# Assignment:
Copy the entries exactly, through the "A living room" line.

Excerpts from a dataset
☆ ☆ ☆
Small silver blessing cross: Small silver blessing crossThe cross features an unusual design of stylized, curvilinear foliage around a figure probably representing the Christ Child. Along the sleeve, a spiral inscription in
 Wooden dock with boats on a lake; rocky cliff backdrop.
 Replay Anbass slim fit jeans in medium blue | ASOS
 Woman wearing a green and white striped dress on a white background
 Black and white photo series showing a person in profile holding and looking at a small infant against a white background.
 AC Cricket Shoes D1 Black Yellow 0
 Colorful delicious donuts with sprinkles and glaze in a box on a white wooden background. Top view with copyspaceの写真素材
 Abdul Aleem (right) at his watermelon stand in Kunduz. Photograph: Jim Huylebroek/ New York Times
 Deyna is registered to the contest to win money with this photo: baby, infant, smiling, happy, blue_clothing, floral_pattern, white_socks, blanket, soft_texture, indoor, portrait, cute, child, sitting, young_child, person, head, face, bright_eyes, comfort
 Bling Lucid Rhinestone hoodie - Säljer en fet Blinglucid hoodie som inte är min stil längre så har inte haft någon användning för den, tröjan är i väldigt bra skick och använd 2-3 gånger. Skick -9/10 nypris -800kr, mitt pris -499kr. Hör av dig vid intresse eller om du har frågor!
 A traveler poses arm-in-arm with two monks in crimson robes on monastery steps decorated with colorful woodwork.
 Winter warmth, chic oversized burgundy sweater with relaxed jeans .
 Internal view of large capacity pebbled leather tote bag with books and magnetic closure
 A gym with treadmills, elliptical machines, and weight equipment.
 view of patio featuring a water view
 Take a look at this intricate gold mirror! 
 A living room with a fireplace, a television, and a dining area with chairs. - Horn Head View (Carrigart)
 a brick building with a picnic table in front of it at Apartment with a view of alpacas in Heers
☆ ☆ ☆
# Task answer:
Small silver blessing cross: Small silver blessing crossThe cross features an unusual design of stylized, curvilinear foliage around a figure probably representing the Christ Child. Along the sleeve, a spiral inscription in
 Wooden dock with boats on a lake; rocky cliff backdrop.
 Replay Anbass slim fit jeans in medium blue | ASOS
 Woman wearing a green and white striped dress on a white background
 Black and white photo series showing a person in profile holding and looking at a small infant against a white background.
 AC Cricket Shoes D1 Black Yellow 0
 Colorful delicious donuts with sprinkles and glaze in a box on a white wooden background. Top view with copyspaceの写真素材
 Abdul Aleem (right) at his watermelon stand in Kunduz. Photograph: Jim Huylebroek/ New York Times
 Deyna is registered to the contest to win money with this photo: baby, infant, smiling, happy, blue_clothing, floral_pattern, white_socks, blanket, soft_texture, indoor, portrait, cute, child, sitting, young_child, person, head, face, bright_eyes, comfort
 Bling Lucid Rhinestone hoodie - Säljer en fet Blinglucid hoodie som inte är min stil längre så har inte haft någon användning för den, tröjan är i väldigt bra skick och använd 2-3 gånger. Skick -9/10 nypris -800kr, mitt pris -499kr. Hör av dig vid intresse eller om du har frågor!
 A traveler poses arm-in-arm with two monks in crimson robes on monastery steps decorated with colorful woodwork.
 Winter warmth, chic oversized burgundy sweater with relaxed jeans .
 Internal view of large capacity pebbled leather tote bag with books and magnetic closure
 A gym with treadmills, elliptical machines, and weight equipment.
 view of patio featuring a water view
 Take a look at this intricate gold mirror! 
 A living room with a fireplace, a television, and a dining area with chairs. - Horn Head View (Carrigart)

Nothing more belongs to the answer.